¿Una nueva U?

Si, por supuesto, desde todo punto de vista. Por actitud, por entrega, por juego y especialmente porque volvió a ganar, algo que no conseguía desde el 3 de marzo en l Estadio Nacional.

¿Una nueva U?

Claro que si. Con figuras confirmadas, como De Paul, que no tuvo una sola falla en el arco, como Espinoza que corrió toda la cancha, como su capitán Matías Rodríguez, como Ubilla y Guerra que lo dejaron todo luchando con la poblada defensa antofagastina.

Y con otros, que aparecieron por fin al nivel que de ellos se espera. Como Aveldaño que fue un frontón y sólo perdió en la primera pelota aéra que disputó con Tobías Figueroa. Como el chico Moya, incansable y salvando un gol hecho desde la raya. Como Beausejor, que reapareció después de larga ausencia. Y como Benegas, que entró por fin de centro delantero y con un rodillazo anotó el gol de la victoria.

¿Una nueva U?

Evidente, porque hasta los números así lo dicen: Ganó, por fin ganó. Y salió, por fin salió, desde la zona de descenso.

UNA FINAL DE PRINCIPIO A FIN

Apenas comenzaba el partido y la primera sorpresa en el Estadio Nacional: centro de Peñailillo, se eleva sin marca Tobías Figueroa y su cabezazo supera la estirada del Tuto De Paul, que observaba con alivio como un poste venía en su ayuda para evitar la apertura de la cuenta.
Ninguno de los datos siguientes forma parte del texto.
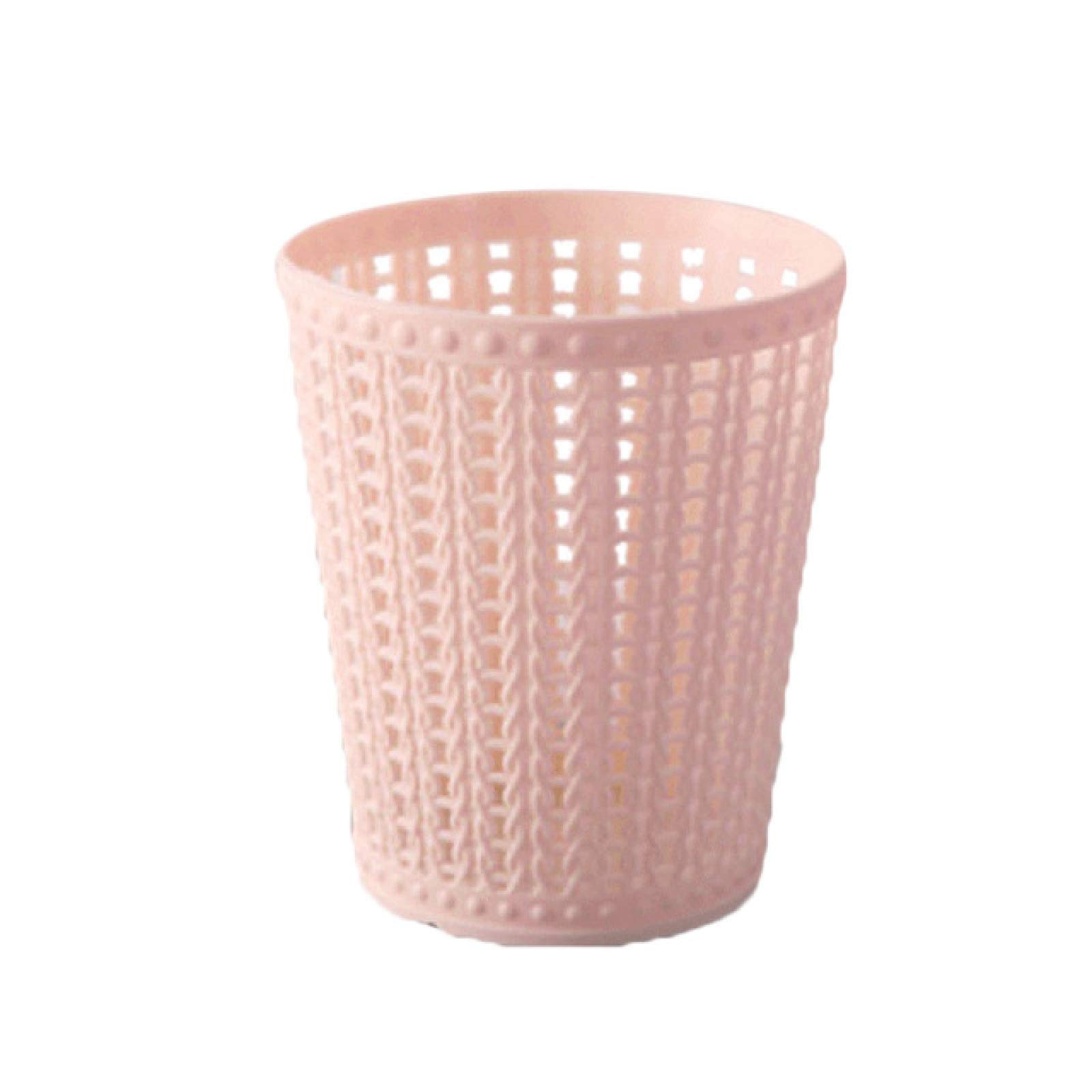 Stylish IADZ Mini Trash Can with Lid - Small Desktop Waste Bin for Kitchen, Office & Living Room | Perfect for Desks, Countertops & Home Decor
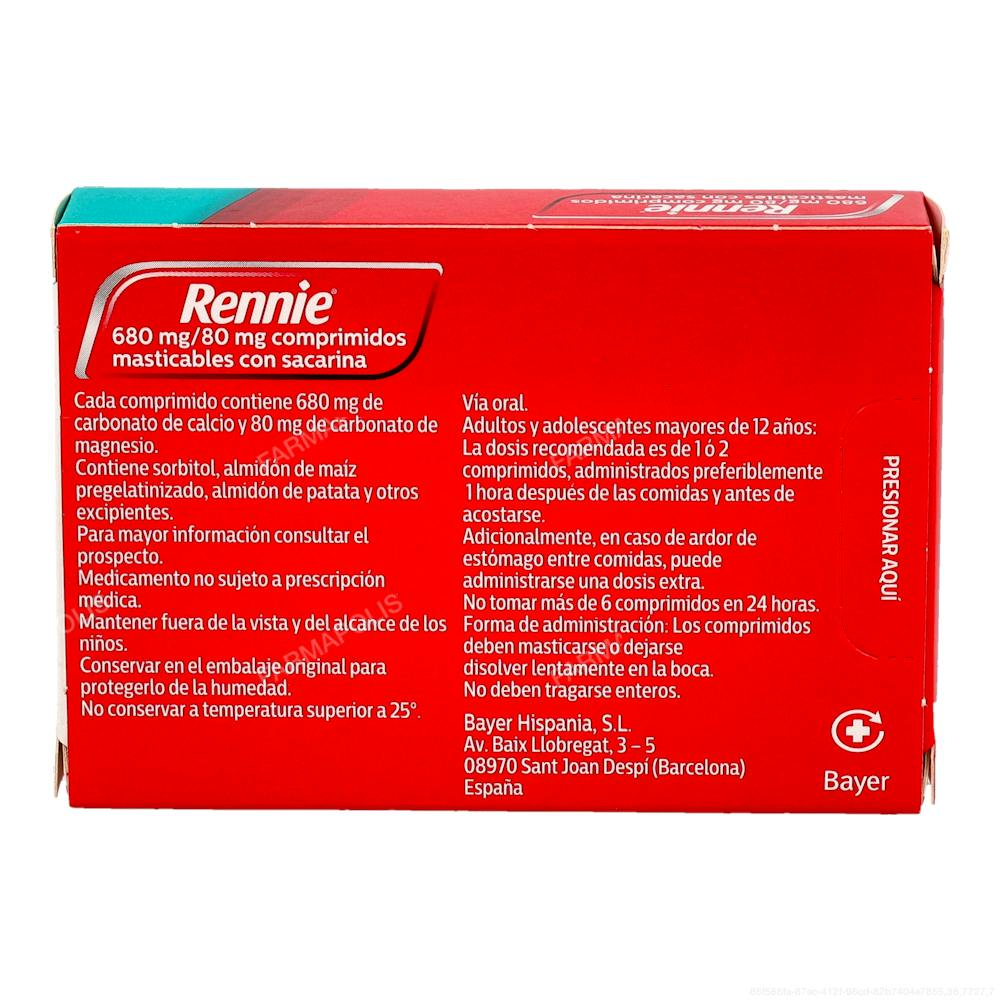 Rennie menta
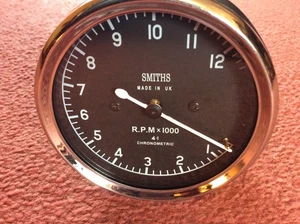 Smiths Replica Chronometric Mechanical Revcounter - Picture 1 of 4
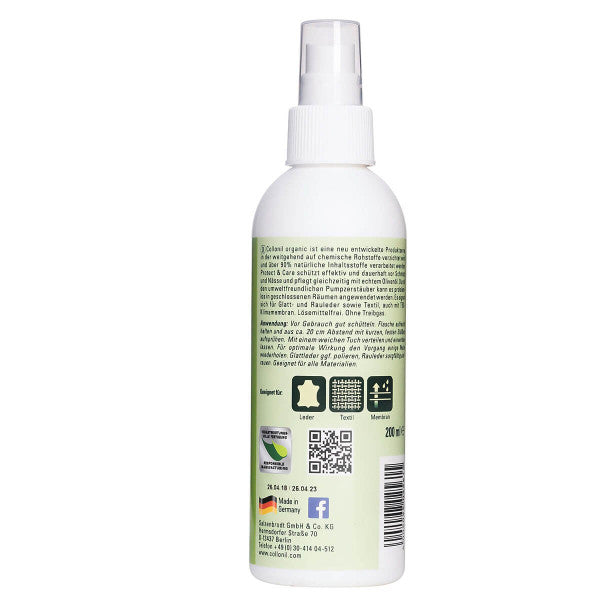 Collonil Protect & Care Organic COVER – Nachhaltiger Schutz für Schuhe & Outdoor-Ausrüstung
Fue la tónica de los minutos iniciales que hicieron enmudecer a la hinchada azul. Porque los Pumas no le prestaban la pelota al León y  por el lado del venezolano Bello le creaba insolubles problemas a Osvaldo González, esta vez desplazado hacia el sector derecho de su defensa.

Sin embargo, un remate de Gonzalo Espinoza, que pasó muy cerca del travesaño, metió a Universidad de Chile en el partido.

Lo tuvo Guerra en una mala salida de Garcés y casi en seguida Oroz, cuyo remate cruzó el arco y se perdió junto al segundo palo.

A esa altura, uno miraba el reloj y no lo podía creer: antes de los 10 minutos ya habían habido más llegadas que las que habitualmente se registran en toda una etapa.

Refrendado a los 12¨con una clarísima ocasión de gol que evitó Garcés con una tapada extraordinaria, luego que Oroz ingresara solo por la izquierda y tras un rebote en un defensa, la pelota le quedara servida a Riquelme. Y a sus pies llegó el arquero notino para manotear e impedir el gol que ya se festejaba en Ñuñoa.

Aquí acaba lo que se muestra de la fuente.